She entered into an early marriage of convenience with Charles Louis Constant d'Agoult, Comte d'Agoult (1790–1875) on 16 May 1827, thereby becoming the Comtesse d'Agoult. They had two daughters, Louise (1828–1834) and Claire (1830–1912). Marie never divorced the count, even though she had left him for Franz Liszt.
From 1835 to 1839, she lived with composer and virtuoso pianist Franz Liszt, who was six years younger, and was then a rising concert star. She became close to Liszt's circle of friends, including Frédéric Chopin (despite the hatred between her and Chopin’s partner George Sand), who dedicated his 12 Études, Op. 25 to her (his earlier set of 12 Études, Op. 10 had been dedicated to Liszt). Liszt's "Die Lorelei", one of his very first pieces, based on text by Heinrich Heine, was also dedicated to her.
From summer 1837 until autumn 1839 they travelled to Italy and Switzerland, staying successively in Bellagio, Milan, Venice, Lugano, Modena, Florence, Bologna and Rome.

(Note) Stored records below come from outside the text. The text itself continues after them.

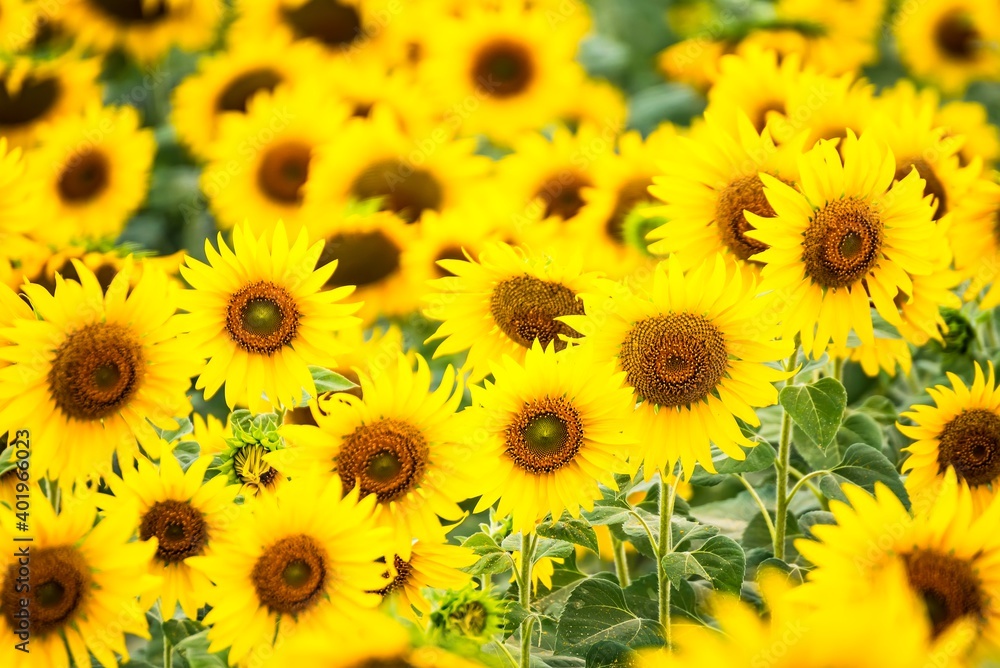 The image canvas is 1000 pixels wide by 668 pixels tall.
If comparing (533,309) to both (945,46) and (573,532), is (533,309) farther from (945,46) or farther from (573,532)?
(945,46)

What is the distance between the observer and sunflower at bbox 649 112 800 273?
55.1 inches

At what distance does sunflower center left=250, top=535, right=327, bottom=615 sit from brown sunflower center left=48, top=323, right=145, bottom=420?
315 mm

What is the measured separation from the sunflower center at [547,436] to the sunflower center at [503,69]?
1.82m

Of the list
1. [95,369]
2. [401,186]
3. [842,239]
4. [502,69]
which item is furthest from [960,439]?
[502,69]

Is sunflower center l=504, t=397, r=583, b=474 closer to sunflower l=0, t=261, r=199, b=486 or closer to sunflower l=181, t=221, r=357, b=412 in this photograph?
sunflower l=181, t=221, r=357, b=412

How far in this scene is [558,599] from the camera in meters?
1.43

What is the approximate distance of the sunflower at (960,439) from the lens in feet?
4.26

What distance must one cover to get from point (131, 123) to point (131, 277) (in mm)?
1198

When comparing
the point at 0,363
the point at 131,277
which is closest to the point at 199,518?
the point at 0,363

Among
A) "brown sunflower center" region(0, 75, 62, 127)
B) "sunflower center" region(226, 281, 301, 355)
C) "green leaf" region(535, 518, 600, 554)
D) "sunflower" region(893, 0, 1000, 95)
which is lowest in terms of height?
"green leaf" region(535, 518, 600, 554)

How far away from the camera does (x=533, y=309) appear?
140 centimetres

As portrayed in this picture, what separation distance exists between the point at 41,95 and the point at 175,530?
1810 mm

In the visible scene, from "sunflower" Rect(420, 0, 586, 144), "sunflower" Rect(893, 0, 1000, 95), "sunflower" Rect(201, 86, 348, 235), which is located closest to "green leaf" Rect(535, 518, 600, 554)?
"sunflower" Rect(201, 86, 348, 235)

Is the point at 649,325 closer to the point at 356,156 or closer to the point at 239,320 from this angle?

It was these travels that inspired the composer to write his cycle of piano collections entitled Années de pèlerinage.[3][4]
D'Agoult had three children with Liszt; however, she and Liszt did not marry, maintaining their independent views and other differences while Liszt was busy composing and touring throughout Europe.
Her children with Liszt were:
- Blandine Rachel (1835–1862), who was the first wife of future French prime minister Émile Ollivier and died at the age of 26
- Francesca Gaetana Cosima (1837–1930), who first married pianist and conductor Hans von Bülow and then composer Richard Wagner
- Daniel (1839–1859), who was already a promising pianist and gifted scholar when he died of tuberculosis.
In 1876, she died in Paris, aged 70, and was buried in Division 54 of Père Lachaise Cemetery.
Works
- Her first stories (Hervé, Julien, and Valentia), published 1841–1845
- Histoire de la révolution de 1848 (appearing from 1850 to 1853, in 3 volumes), her best known work published under the name Daniel Stern[5]
- Nélida, a novel (1846)[6]
- Lettres Républicaines in Esquisses morales et politiques (1849, collected articles)[7]
- Trois journées de la vie de Marie Stuart (1856)
- Florence et Turin (1862)
- Histoire des commencements de la république aux Pays-Bas (1872)
- A Catholic Mother Speaks to Her Children (1906, posthumously)[8]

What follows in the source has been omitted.